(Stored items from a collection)

━━━━━━━━━━━━━━━━━━━━

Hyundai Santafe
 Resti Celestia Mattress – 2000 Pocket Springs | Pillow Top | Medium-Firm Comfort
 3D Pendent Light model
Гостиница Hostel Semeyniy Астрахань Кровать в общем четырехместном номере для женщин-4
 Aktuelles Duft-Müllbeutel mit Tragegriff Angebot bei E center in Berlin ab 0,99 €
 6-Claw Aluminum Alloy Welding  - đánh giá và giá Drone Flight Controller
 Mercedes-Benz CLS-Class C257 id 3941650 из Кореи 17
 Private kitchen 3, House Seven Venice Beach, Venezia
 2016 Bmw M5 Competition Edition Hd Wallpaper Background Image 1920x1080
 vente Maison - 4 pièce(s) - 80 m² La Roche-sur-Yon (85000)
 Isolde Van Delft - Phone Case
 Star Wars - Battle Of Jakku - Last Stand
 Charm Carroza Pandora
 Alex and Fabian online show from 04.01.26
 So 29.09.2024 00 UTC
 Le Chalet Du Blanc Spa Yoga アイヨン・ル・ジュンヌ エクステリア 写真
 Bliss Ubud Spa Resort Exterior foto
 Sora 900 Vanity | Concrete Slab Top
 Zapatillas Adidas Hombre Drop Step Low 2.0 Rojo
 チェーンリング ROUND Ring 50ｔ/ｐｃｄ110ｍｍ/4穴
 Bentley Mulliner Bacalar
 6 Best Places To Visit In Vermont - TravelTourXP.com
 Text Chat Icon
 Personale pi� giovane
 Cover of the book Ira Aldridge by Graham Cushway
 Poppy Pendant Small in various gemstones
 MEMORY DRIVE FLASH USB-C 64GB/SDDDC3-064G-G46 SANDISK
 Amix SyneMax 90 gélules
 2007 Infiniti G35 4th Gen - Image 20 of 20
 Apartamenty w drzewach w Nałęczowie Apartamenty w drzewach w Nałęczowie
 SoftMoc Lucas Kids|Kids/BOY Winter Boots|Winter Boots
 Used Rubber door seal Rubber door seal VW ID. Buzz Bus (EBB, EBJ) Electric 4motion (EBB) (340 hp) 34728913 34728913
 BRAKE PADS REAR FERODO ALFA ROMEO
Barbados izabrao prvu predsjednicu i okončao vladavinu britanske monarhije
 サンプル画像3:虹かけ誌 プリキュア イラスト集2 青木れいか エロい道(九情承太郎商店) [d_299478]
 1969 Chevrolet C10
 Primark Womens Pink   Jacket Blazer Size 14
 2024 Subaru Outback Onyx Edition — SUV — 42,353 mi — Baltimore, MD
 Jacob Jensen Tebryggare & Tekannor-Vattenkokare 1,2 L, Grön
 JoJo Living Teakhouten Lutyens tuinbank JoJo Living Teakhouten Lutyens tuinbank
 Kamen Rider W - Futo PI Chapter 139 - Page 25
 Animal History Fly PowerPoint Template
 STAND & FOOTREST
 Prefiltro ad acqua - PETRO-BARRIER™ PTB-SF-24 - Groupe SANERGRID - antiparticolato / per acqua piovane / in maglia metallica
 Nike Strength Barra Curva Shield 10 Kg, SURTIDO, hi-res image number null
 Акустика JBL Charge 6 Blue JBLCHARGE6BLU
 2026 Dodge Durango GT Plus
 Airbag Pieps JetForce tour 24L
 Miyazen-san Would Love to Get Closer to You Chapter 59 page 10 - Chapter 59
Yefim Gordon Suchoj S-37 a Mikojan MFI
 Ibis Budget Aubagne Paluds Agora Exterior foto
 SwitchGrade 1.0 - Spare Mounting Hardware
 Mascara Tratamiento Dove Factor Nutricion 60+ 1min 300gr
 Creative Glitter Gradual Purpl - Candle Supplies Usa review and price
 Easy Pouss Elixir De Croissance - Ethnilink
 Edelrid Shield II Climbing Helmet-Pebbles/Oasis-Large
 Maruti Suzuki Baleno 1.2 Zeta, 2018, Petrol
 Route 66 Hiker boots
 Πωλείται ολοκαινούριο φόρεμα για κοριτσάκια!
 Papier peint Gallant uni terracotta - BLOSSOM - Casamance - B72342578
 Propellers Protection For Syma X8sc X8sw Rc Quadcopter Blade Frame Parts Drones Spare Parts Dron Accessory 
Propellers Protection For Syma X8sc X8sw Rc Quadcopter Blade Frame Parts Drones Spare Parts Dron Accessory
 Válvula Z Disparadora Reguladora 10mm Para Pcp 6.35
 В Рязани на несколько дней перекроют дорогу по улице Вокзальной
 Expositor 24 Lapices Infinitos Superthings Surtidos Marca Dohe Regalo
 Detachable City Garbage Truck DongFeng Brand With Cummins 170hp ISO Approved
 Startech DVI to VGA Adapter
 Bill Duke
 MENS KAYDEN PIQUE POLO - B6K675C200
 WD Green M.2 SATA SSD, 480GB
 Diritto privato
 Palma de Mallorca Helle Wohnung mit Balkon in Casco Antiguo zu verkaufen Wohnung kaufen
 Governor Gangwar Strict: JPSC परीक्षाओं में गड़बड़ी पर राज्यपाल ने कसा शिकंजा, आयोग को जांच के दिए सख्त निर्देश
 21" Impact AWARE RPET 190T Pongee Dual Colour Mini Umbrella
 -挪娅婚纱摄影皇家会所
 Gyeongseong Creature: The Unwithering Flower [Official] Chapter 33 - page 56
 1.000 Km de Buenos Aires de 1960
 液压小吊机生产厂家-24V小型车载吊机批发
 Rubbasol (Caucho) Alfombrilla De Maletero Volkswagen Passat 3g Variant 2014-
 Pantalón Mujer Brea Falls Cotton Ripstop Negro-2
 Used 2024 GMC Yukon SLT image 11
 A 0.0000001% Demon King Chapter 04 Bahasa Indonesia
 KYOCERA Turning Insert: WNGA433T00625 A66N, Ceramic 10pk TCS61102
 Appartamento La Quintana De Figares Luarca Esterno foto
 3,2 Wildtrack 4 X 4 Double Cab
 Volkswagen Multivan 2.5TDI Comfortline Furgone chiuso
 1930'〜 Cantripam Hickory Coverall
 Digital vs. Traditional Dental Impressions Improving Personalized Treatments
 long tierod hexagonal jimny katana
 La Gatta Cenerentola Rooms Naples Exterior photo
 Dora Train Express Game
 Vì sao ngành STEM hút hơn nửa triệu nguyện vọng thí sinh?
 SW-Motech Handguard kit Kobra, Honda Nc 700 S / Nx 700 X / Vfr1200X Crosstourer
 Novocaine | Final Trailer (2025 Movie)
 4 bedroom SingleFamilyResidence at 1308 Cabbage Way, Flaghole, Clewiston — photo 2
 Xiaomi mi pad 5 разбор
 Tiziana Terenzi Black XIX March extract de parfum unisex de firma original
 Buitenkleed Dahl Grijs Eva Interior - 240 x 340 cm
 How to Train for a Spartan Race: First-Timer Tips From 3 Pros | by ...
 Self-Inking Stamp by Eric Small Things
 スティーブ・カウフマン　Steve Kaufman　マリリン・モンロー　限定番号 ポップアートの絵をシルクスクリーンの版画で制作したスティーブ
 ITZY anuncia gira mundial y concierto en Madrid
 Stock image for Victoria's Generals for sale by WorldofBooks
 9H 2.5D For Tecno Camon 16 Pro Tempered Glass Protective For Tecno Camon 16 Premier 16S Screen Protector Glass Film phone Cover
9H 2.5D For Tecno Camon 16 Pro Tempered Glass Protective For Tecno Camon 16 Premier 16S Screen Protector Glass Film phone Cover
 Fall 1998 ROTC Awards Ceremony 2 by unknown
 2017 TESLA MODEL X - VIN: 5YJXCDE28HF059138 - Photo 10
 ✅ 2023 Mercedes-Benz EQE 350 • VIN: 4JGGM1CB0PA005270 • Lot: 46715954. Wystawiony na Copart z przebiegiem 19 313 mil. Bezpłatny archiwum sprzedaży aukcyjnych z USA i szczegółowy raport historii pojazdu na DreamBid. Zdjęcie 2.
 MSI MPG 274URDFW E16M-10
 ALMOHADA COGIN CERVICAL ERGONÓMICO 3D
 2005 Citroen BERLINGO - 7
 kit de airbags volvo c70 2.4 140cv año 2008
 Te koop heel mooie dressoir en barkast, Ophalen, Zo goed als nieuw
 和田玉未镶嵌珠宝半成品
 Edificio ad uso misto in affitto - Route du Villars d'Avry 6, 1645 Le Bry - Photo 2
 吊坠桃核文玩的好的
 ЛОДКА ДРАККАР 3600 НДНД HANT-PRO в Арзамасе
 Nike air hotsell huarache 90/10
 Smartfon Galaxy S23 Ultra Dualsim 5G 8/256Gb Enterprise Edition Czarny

━━━━━━━━━━━━━━━━━━━━

#### What the task requires:
The answer must consist of each line from the entries that contains the string "Edition".

#### Response area:
 2016 Bmw M5 Competition Edition Hd Wallpaper Background Image 1920x1080
 2024 Subaru Outback Onyx Edition — SUV — 42,353 mi — Baltimore, MD
 Smartfon Galaxy S23 Ultra Dualsim 5G 8/256Gb Enterprise Edition Czarny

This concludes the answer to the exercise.